Although Vietnamese laborers are now present in 40 countries and territories, Vietnamese labour export focuses on four traditional markets. In the next few years, can Vietnamese guest workers penetrate developed countries? Currently, in additional to the four traditional markets of Japan, the Republic of Korea, Malaysia and Taiwan, Vietnamese labourers can access many new markets such as Australia, Canada, the US, Italy, Macao and Brunei as well as many other potential markets in the Middle East such as Qatar, the United Arab Emirates and Saudi Arabia.

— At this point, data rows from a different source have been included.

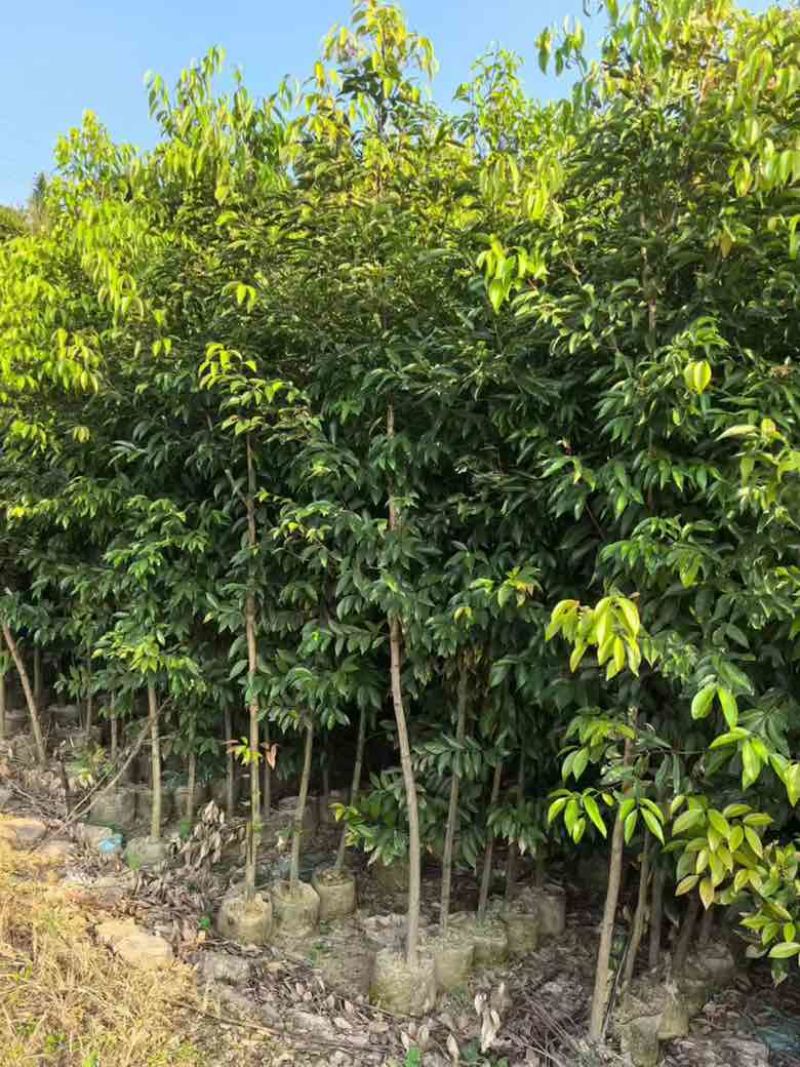 阴香原生苗1-5分，各种规格，大量低价出售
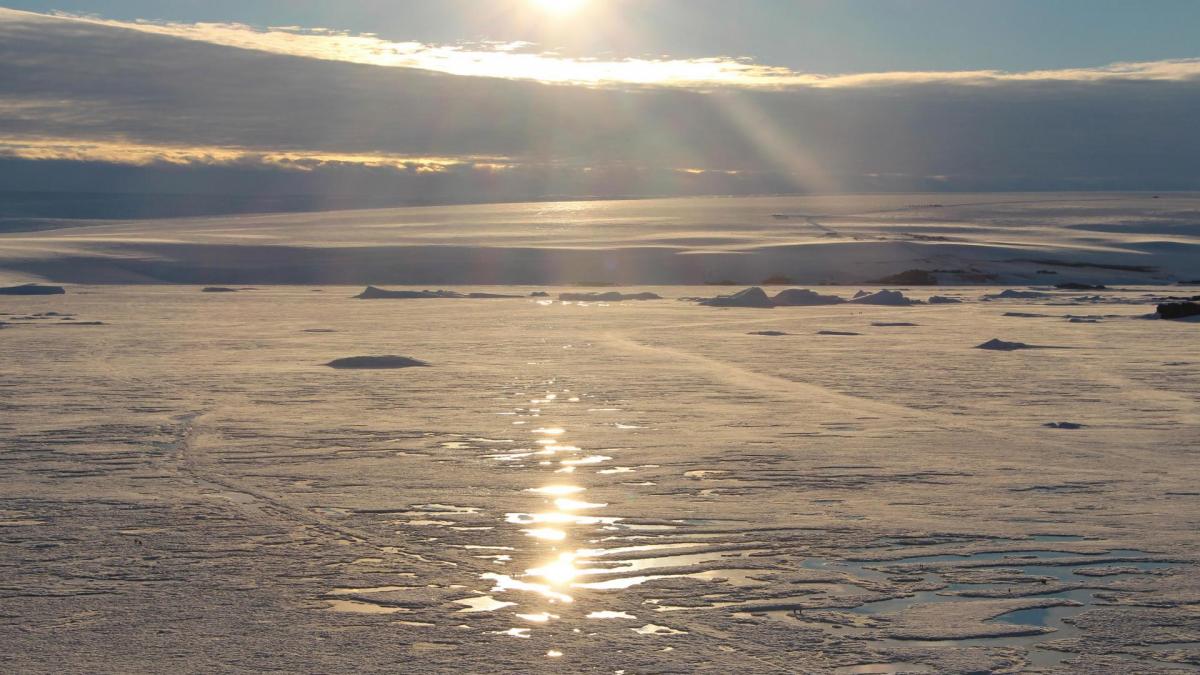 Banquise le 12 janvier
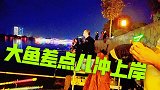 夜钓：大鱼差点冲上岸，围观钓友直呼第一次见，这场面太过瘾了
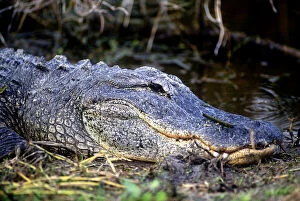 Ecosystem Gallery: American alligator found throughout Florida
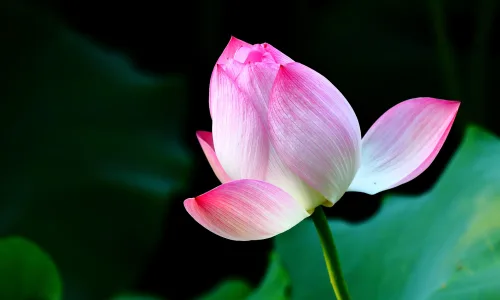 【13758】植物壁纸  2K 高清壁纸2560_1600@青蛙壁纸-笨猫小站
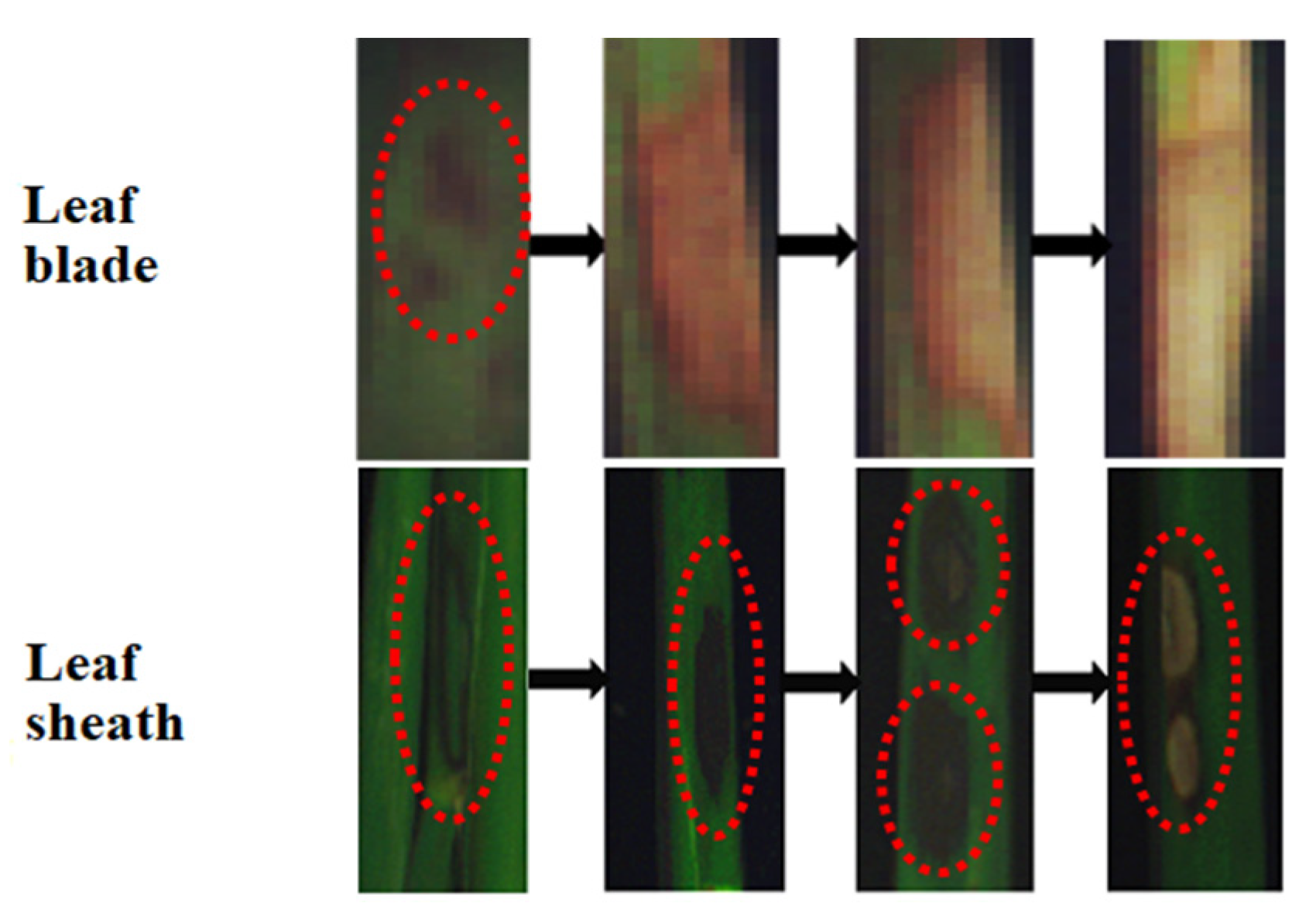 Sensors 20 06243 g001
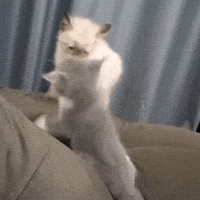Cute Cat GIF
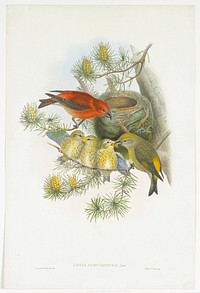 birds. Original from the Minneapolis Institute of Art.
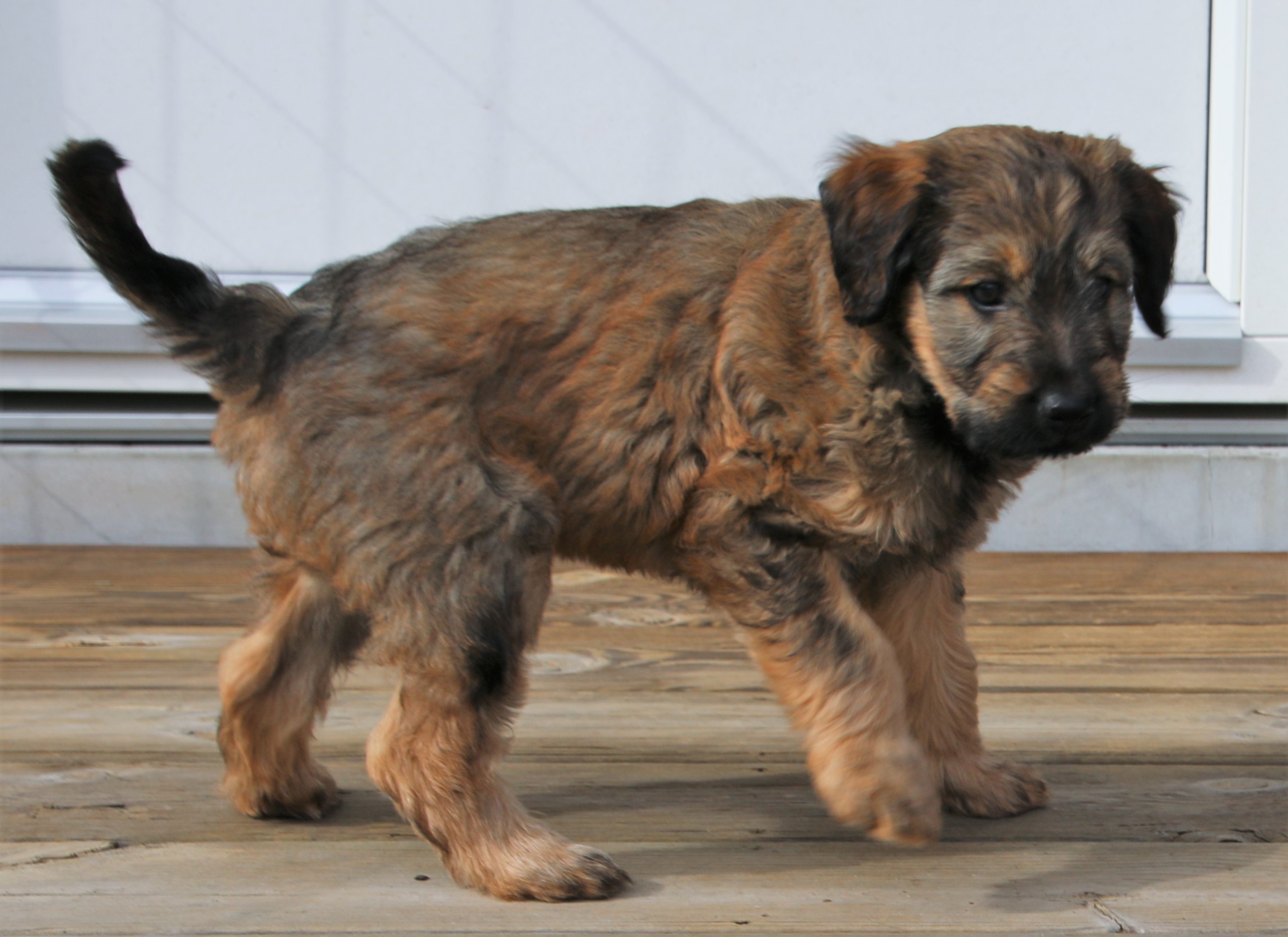 Frode 7 v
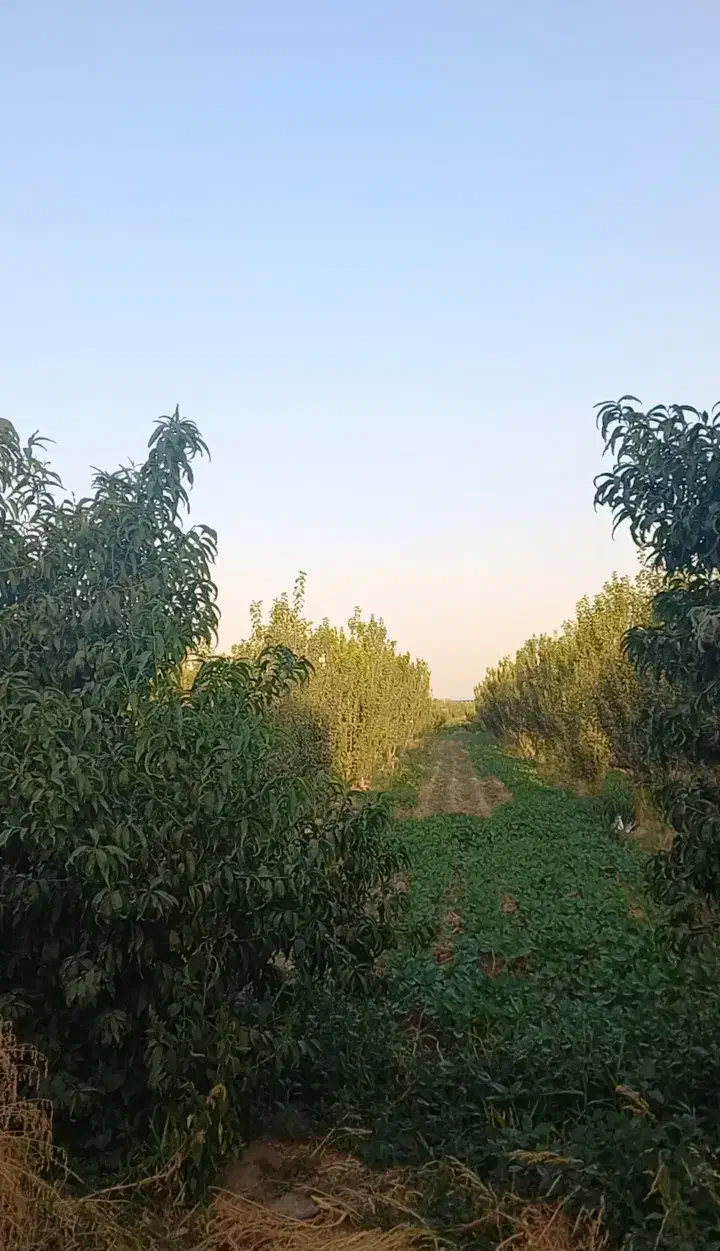 باغ  درختان میوه و زمین کشاورزی|فروش زمین و ملک کلنگی|باغستان, |دیوار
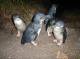 Bicheno Penguin Tour
 - Penguin Tour Bicheno Penguin Tours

Vietnamese guest workers have advantages to penetrate these markets. Vietnamese labourers’ ability to master new technologies is as high as the native labourers. Vietnamese labourers also become familiar with highly industrial production environments very quickly. Most foreign employers highly value this characteristic of Vietnamese guest workers. Furthermore, Vietnam’s entry to the World Trade Organisation makes countries, especially developed countries, have open and hospitable relations with Vietnamese guest workers. Joining the WTO is a golden opportunity for Vietnamese labour export.

 

Avoid losing advantages

To fulfill the target of having 1 million regular guest workers and transforming them from manual to skilled and qualified labourers, Vietnamese labour export will face many barriers and needs a specific roadmap to avoid obstacles.


In the past 10 years, Vietnam has been considered a country of rich natural and abundant human resources. Vietnamese guest workers are now in many developed countries and territories. Powerful countries in labour export such as the Philippines, Thailand, Bangladesh, Nepal and China are paying great attention to Vietnam and competing fiercely to hold export market shares.


Currently, most countries with an annual per capita income of US$10,000 or more want to receive workers from developing countries such as Vietnam. Labour export activities help train workers in production technology, industrial work methods and business culture and provides them with an income level that varies from a quarter to a half of the native people’s level. The other side of the coin is that a number of workers have broken labour contracts, turning themselves into long-term residents. Therefore, the countries receiving guest workers have issued hard-line policies, requiring all countries wanting to send their workers abroad to properly implement management and provision of workers so that they can only expand into the labour export market.

 

Enterprises should have transparent and open policies

The competitive edge belongs to those countries whose workforce can meet all requirements of employers. Most Vietnamese guest workers’ foreign language skills are at a low level, resulting in failure to penetrate foreign markets offering them high salaries. In addition, Vietnamese guest workers’ certificates or degrees have not yet recognised internationally so they only can engage in non-professional labour when working overseas.


Competitiveness, high or low, greatly depends on the transparency and publicity of every labour export enterprise. If the above-mentioned shortcomings are resolved soon, the target of having 1 million guest workers abroad by 2015 is within reach.